What is expected: From the line with "Nữ Chính Ngoại" through the last line of the records below, both ends included, transcribe only those lines, exactly, and omit the pictures.

Records drawn from a dataset
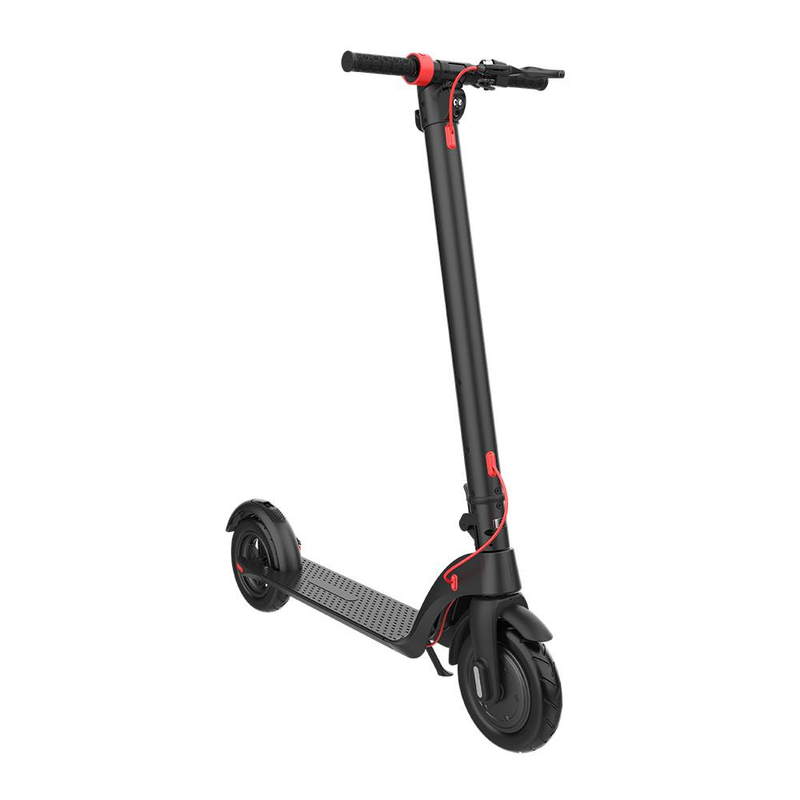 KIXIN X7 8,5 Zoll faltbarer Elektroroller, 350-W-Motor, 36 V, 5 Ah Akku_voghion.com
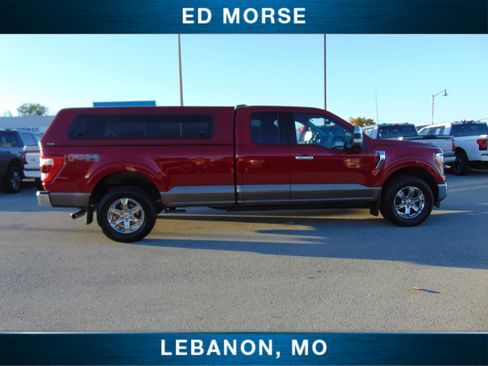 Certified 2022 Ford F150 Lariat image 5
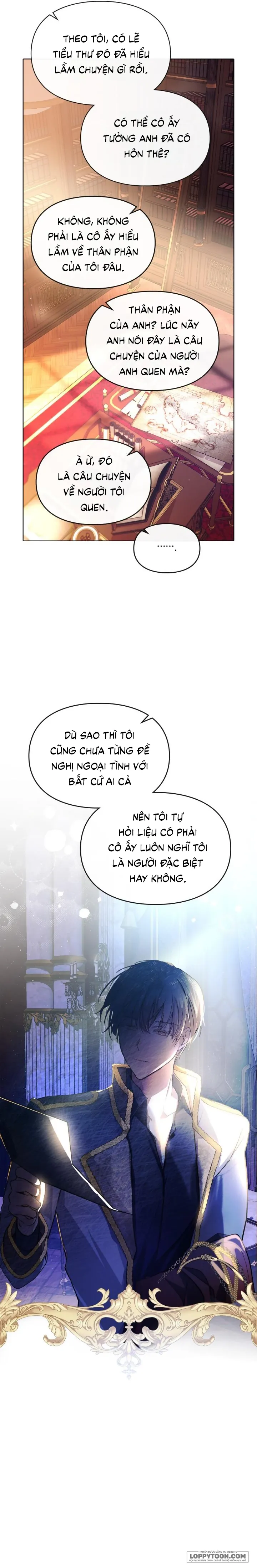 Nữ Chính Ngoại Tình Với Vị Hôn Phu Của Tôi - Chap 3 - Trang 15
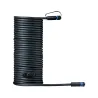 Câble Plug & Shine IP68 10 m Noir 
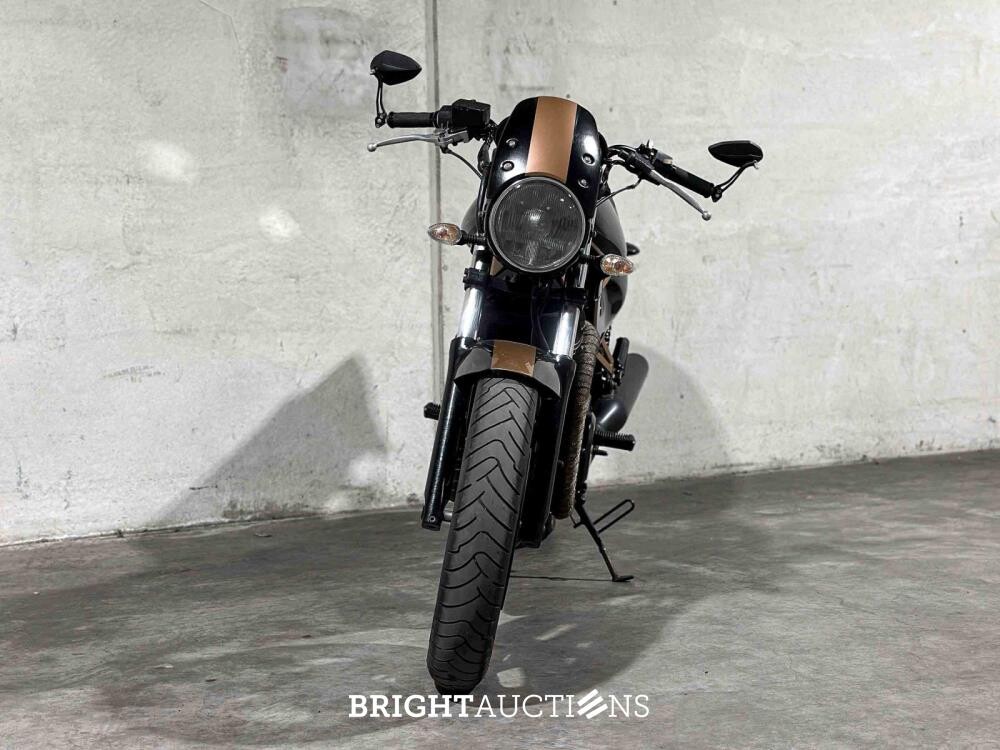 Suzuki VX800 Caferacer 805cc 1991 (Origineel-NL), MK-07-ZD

Result of the task:
 Nữ Chính Ngoại Tình Với Vị Hôn Phu Của Tôi - Chap 3 - Trang 15
 Câble Plug & Shine IP68 10 m Noir 
 Suzuki VX800 Caferacer 805cc 1991 (Origineel-NL), MK-07-ZD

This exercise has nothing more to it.